*What is needed:*
Take the entries below and reproduce exactly the portion that begins at the line containing "See what's going" and ends at the line containing "跟射手座男復合兩次會分手嗎", keeping both ends, dropping pictures, and adding nothing else.
(Available data Opens)
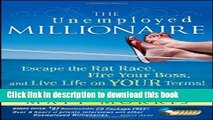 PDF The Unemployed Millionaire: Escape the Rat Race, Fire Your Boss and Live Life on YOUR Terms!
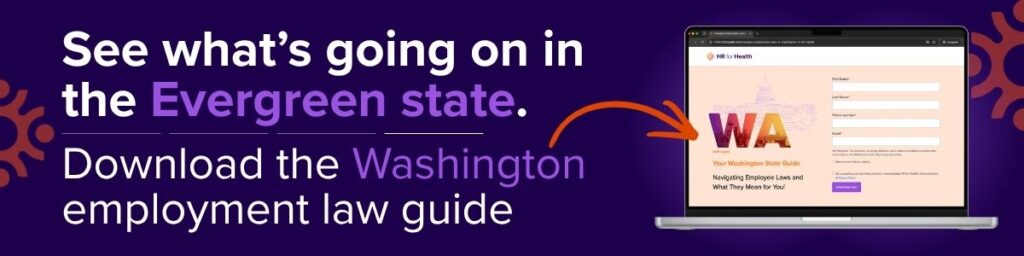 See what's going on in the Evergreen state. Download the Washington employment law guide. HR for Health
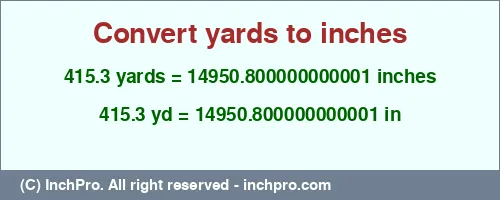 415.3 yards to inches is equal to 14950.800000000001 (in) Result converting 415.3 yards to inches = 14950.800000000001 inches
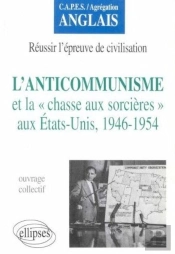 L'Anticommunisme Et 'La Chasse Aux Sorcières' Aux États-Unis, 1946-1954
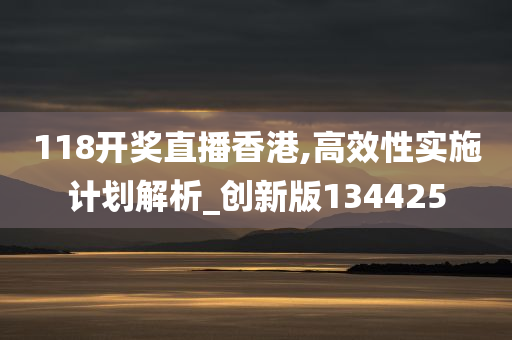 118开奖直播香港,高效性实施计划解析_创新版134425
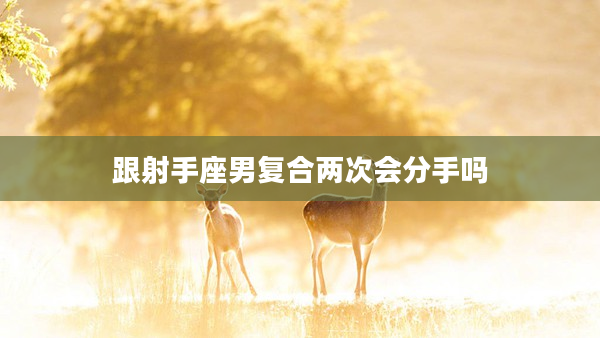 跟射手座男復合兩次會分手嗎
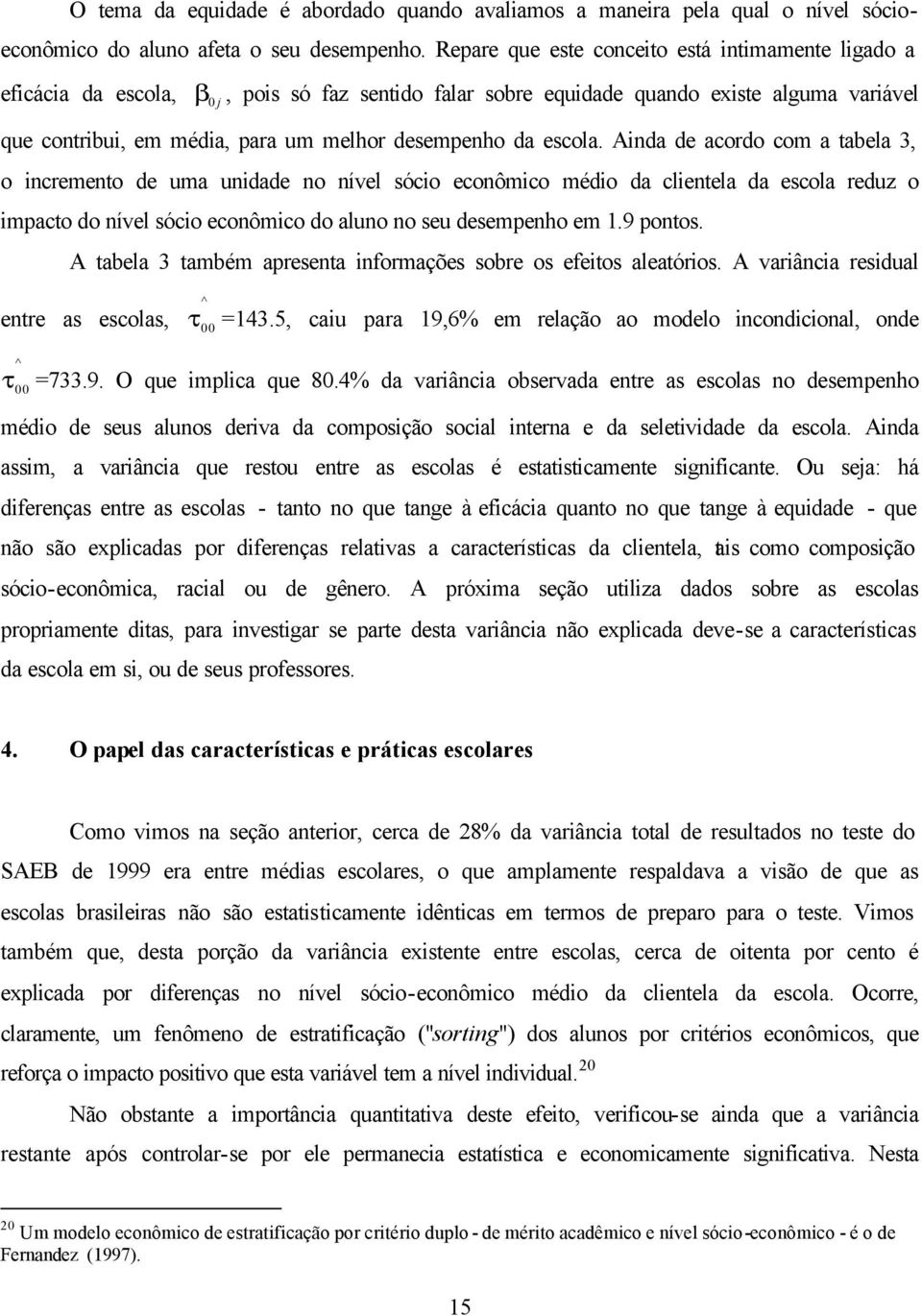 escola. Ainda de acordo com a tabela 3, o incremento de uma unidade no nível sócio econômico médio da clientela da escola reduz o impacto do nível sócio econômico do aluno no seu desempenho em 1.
(Available data Closes)
*Solution to this problem:*
 See what's going on in the Evergreen state. Download the Washington employment law guide. HR for Health
 415.3 yards to inches is equal to 14950.800000000001 (in) Result converting 415.3 yards to inches = 14950.800000000001 inches
 L'Anticommunisme Et 'La Chasse Aux Sorcières' Aux États-Unis, 1946-1954
 118开奖直播香港,高效性实施计划解析_创新版134425
 跟射手座男復合兩次會分手嗎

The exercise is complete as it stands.